Wilson Mizner (May 19 1876, Benicia, California - April 3 1933,
Los Angeles, California) was an American
playwright, raconteur, and entrepreneur. His best-known plays are The Deep Purple,
produced in 1910, and The Greyhound, produced in 1912. He was manager and co-owner of
The Brown Derby restaurant in Los Angeles,
California, and was affiliated with his brother, Addison Mizner, in a series of
scams and picaresque misadventures that inspired Stephen Sondheim's Bounce.
Life
Wilson ("Bill") Mizner was born in Benicia, California, one of eight children
including brothers William, Edgar, Murray, Wilson, Addison, Henry, and Lansing. Sir Joshua
Reynolds was their great great uncle. Their father, Lansing Bond Mizner was named
Benjamin Harrison's Envoy Extraordinary and Minister
Plenipotentiary to the Central American states, and the family moved to
Guatemala, the brothers spending their teenage years there—robbing churches, they later
claimed.
In 1897, Addison and Wilson, with brothers William and Edgar, travelled north to the
Alaska Gold Rush, which they spent bilking miners rather than looking for gold.
Wilson operated badger games, managed fighters, robbed a restaurant to get chocolate for his
girlfriend "Nellie the Pig" Lamore (saying "Your chocolates or your life!"), and grub-staked prospector Sid Grauman, later of Grauman's Chinese Theatre. He also
met Wyatt Earp, who became a lifelong friend.
Addison and Wilson fled Alaska for New York, where Addison opened a Fifth Avenue shop where he sold Guatemalan relics and colonial-era furnishings at dramatic
markups. Wilson became a New York dilettante, raconteur, and Broadway playwright. He
married Mary Adelaide Yerkes, widow of industrialist Charles Tyson Yerkes, in
1905: while Wilson was penniless (and 29 years old), his new wife, aged 47[1], brought between $2 million and $7.5 million to the marriage, as well as
several artistic masterpieces that Wilson duplicated, selling the copies as originals.
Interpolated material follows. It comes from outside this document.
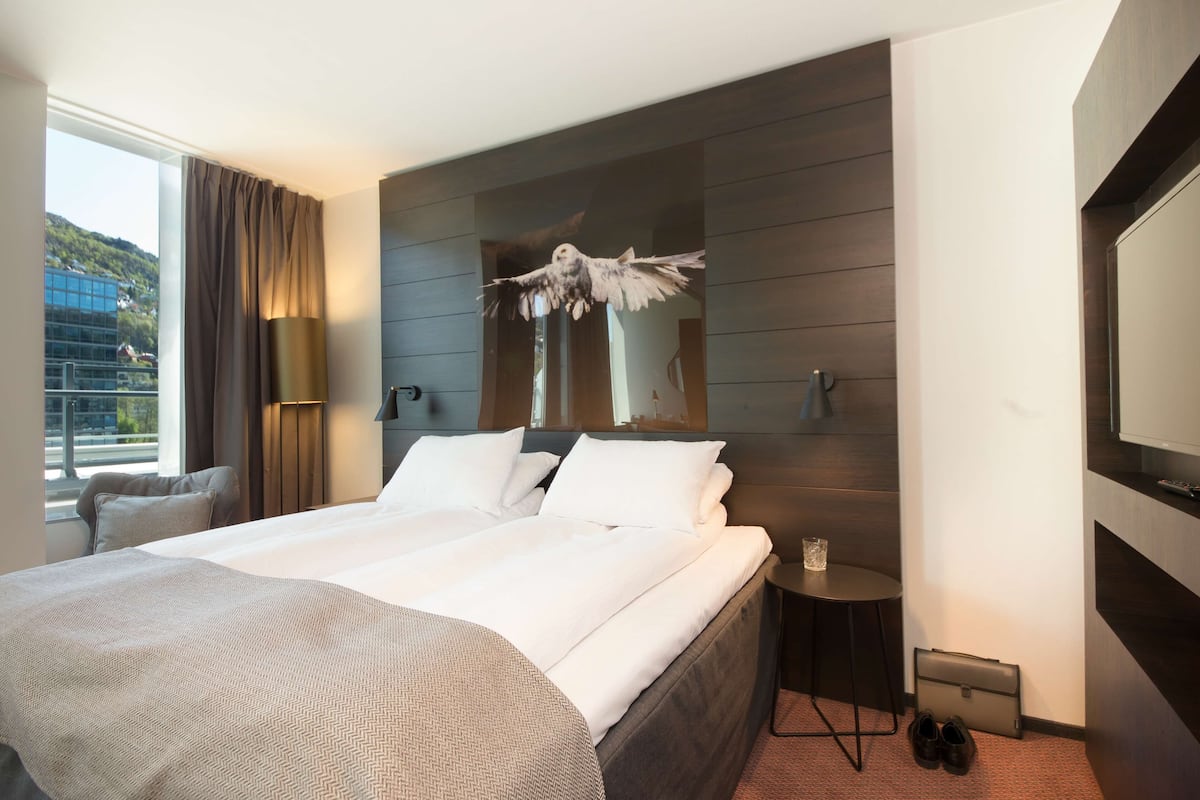 A modern hotel room with a large bed, a small side table, a chair, and a TV.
The marriage did not last long. Wilson ran the Rand Hotel, posting signs that "Guests must carry out their own dead" and "No
opium smoking in the elevators." He managed several boxers, fixing the fights to enhance his gambling revenues. When one of his
fighters, Stanley Ketchel, was murdered, Wilson joked, "Tell 'em to start counting ten over him, and he'll get up."
Wilson's playwriting career was undermined by his laziness and an opium addiction that started
when he was prescribed painkillers after an assault. He was arrested in 1919 for running a
gambling den on Long Island. He and Addison then travelled south to
Florida, where a land boom made it possible for the brothers to swindle some of America's
wealthiest men before they were exposed in 1926 by General T.
Coleman du Pont. Their customers began defaulting on their loan payments, and a railroad embargo on building materials led
to the collapse of the brothers' Florida venture, the Mizner Development Corporation.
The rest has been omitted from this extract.